SOURCE MATERIAL:

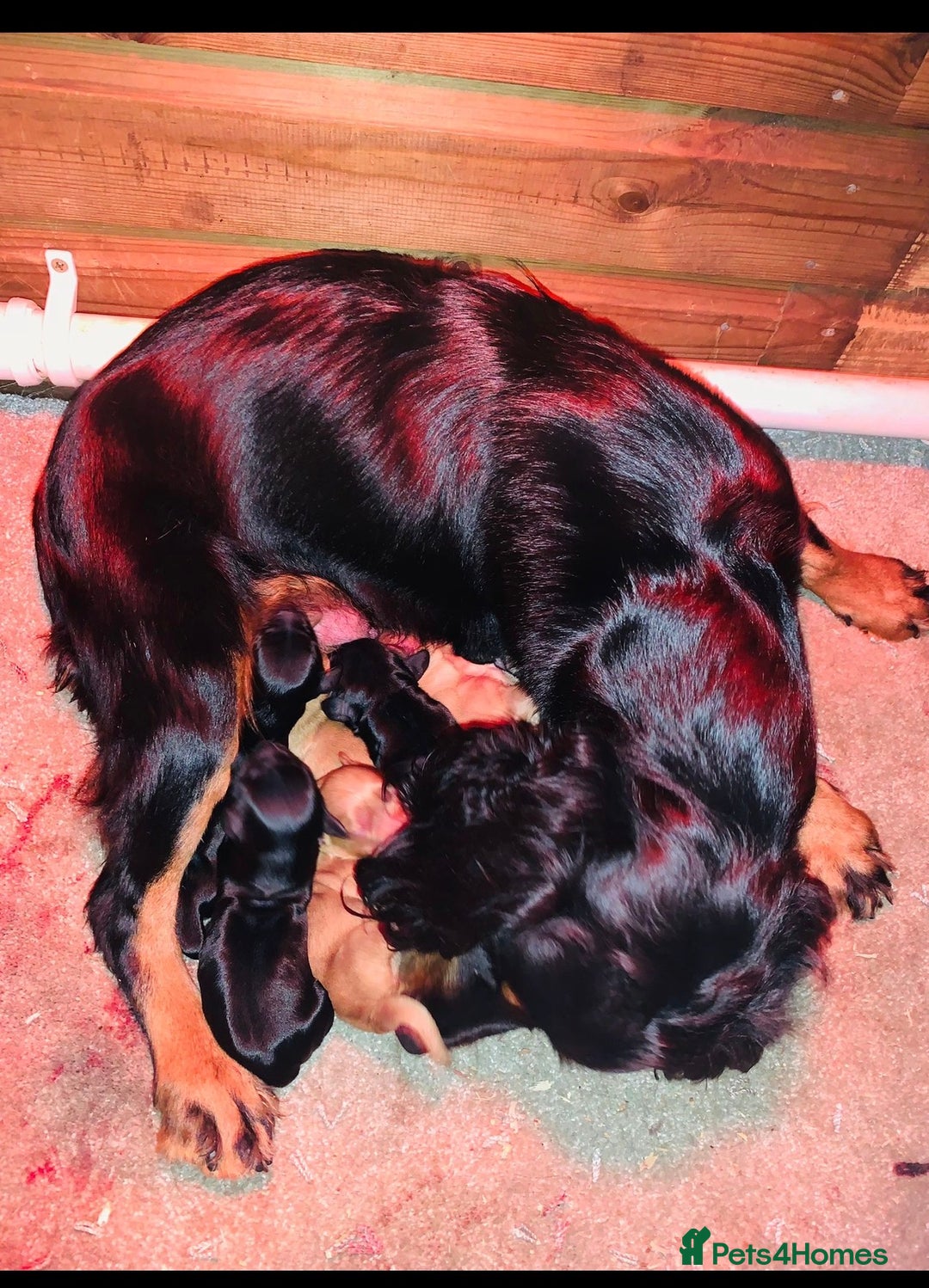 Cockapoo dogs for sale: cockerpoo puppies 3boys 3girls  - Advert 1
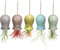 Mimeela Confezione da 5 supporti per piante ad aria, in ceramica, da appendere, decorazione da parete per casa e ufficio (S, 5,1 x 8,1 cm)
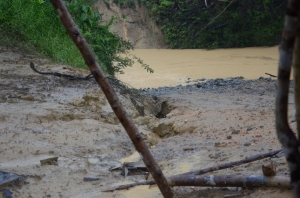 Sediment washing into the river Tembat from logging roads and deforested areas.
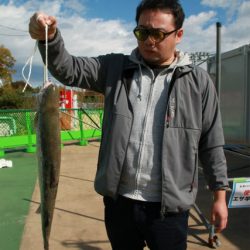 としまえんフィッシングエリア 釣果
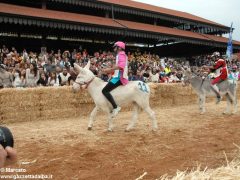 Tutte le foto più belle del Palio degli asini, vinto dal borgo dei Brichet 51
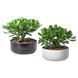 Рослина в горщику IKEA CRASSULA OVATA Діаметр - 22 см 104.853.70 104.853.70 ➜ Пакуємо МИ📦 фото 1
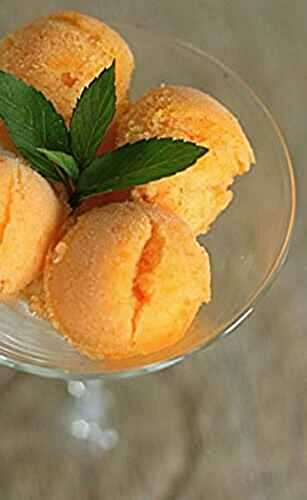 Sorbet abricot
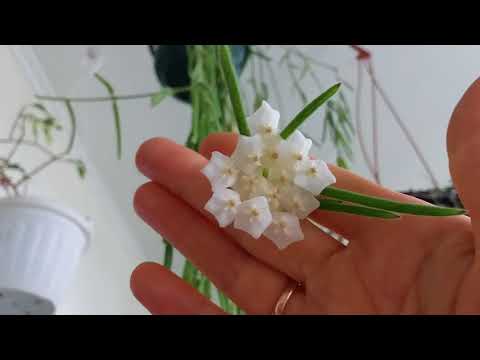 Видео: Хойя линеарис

ASSIGNMENT: Your reply should hold only the lines running from the one with "としまえんフィッシングエリア 釣果" to the end of the data above, set down exactly, pictures omitted.

EXERCISE SOLUTION:
 としまえんフィッシングエリア 釣果
 Tutte le foto più belle del Palio degli asini, vinto dal borgo dei Brichet 51
 Рослина в горщику IKEA CRASSULA OVATA Діаметр - 22 см 104.853.70 104.853.70 ➜ Пакуємо МИ📦 фото 1
 Sorbet abricot
 Видео: Хойя линеарис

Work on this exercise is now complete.